Le 12 mai 2022, la commune de B _________ a indiqué que le recours n’appelait pas
de remarque de sa part.
Le 1er juin 2022, le Conseil d’Etat a proposé de le rejeter. Il a déposé, en annexe, la
détermination de la CCC du 24 mai 2022 allant dans le même sens, en insistant sur le
lien étroit entre la « couronne » paysagère et le vieux bourg et l’atteinte que porterait le
projet à cette fonction de couronne.
Le 7 juin 2022, Y ________, Z _________ et C _________ ont implicitement conclu au
rejet du recours. D _________ n’a pas déposé de réponse.
E. Constatant que le Conseil d’Etat avait notifié sa décision qu’aux parties précitées, soit
à celles qui avaient répondu au recours administratif, le juge délégué a, par ordonnance
du 26 janvier 2023, communiqué le prononcé attaqué au solde des opposants ayant eu
gain de cause devant la CCC. Il leur a simultanément remis le recours de droit
administratif du 5 mai 2022 de X _________ en les invitant à présenter leur réponse.

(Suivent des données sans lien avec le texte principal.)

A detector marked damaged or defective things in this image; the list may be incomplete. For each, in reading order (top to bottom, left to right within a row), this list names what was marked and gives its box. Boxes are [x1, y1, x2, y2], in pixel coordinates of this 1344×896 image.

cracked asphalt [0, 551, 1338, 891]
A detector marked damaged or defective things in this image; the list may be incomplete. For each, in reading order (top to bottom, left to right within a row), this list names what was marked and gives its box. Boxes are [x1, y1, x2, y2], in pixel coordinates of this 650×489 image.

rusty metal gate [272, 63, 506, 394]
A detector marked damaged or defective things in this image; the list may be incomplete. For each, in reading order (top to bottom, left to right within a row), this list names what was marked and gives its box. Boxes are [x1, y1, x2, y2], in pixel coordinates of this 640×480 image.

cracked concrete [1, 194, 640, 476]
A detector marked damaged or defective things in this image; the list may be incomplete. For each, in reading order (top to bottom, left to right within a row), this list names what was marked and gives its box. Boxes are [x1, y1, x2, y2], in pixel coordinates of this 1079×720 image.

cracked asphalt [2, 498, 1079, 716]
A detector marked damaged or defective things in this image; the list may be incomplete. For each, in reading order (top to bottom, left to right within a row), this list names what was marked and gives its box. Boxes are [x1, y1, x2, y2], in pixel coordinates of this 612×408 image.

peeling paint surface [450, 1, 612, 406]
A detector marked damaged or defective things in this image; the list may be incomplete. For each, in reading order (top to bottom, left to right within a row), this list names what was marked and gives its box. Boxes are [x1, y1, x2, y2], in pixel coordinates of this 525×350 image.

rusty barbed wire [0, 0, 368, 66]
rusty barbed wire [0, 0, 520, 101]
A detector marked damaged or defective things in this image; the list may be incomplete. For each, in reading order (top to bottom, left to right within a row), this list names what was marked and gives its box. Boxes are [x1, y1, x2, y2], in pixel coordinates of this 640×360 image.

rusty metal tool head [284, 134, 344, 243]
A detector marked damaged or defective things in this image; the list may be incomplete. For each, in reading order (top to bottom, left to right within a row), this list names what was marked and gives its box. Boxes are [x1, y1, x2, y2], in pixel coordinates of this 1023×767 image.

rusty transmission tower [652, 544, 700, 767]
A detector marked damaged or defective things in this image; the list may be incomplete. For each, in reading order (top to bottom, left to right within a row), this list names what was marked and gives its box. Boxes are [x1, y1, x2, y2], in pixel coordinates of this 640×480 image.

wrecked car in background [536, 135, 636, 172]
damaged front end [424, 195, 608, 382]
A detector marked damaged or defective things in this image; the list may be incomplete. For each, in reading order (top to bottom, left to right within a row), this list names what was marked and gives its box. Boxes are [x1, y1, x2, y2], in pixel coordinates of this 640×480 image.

Aucun d’entre eux n’a usé de cette faculté.
Considérant en droit
1. Le recours est recevable (art. 72, 78 let. a, 80 al. 1 let. a-c, 44 al. 1 let. a, 46 et 48 de
la loi du 6 octobre 1976 sur la procédure et la juridiction administratives [LPJA;
RS/VS 172.6]).
2. Les autorités précédentes ont reconnu que l’installation était conforme à la ZIG et
admis, sur le vu du préavis positif du service de l’environnement (SEN), qu’elle respectait
les valeurs limite de l’ordonnance du 23 décembre 1999 sur la protection contre le
rayonnement non ionisant (ORNI ; RS 814.710). Le Conseil d’Etat a par ailleurs constaté
qu’aucune pièce étayant le projet de revitalisation du site « W _________» n’avait été
produite dans la procédure et a ainsi dénié toute pertinence à cet élément motivant le
préavis négatif du SIP.
3. Le litige porte donc exclusivement sur le point de savoir si le Conseil d’Etat a confirmé
à bon droit le refus d’autorisation de construire sous l’angle de l’ISOS et des normes en
matière d’intégration.
3.1 La recourante, qui reproche au Conseil d’Etat d’avoir méconnu la portée de
l’art. 6 LPN et appliqué de manière arbitraire les dispositions sur l’esthétique des
constructions, fait valoir que l’on ignorait d’où l’installation litigieuse imposerait sa
présence ou quel dégagement méritant d’être protégé serait altéré. L’on ne savait non
plus pas quels critères de protection spécifiques avaient été pris en considération. Il
n’était ainsi pas possible de s’assurer que l’installation n’avait pas été interdite du seul
fait qu’elle consistait en un mât de plus de 20 m imposé par sa fonction. De plus, aucune
pesée d’intérêts n’avait été effectuée. Le refus d’autorisation l’astreignait à rechercher
un autre emplacement alors qu’il était établi que le réseau était insuffisant et que des
alternatives avaient été déjà examinées, sans succès. Elle se trouvait ainsi empêchée
de respecter la concession. Sous l’angle de l’ISOS, le bâtiment de la voirie se situait,
certes, dans le PE VI bénéficiant d’un objectif de sauvegarde « a ». L’installation
litigieuse se trouvait toutefois adossée à ce local sans valeur patrimoniale et ne portait
donc pas atteinte à l’objectif de sauvegarde de l’état existant en tant qu’espace agricole
ou libre, ni à celui de conservation de la végétation ou des constructions anciennes
essentielles pour l’image du site. De l’avis de la recourante, il n’y avait donc pas d’atteinte
ou sinon une atteinte seulement minime à l’objectif de sauvegarde de l’ISOS.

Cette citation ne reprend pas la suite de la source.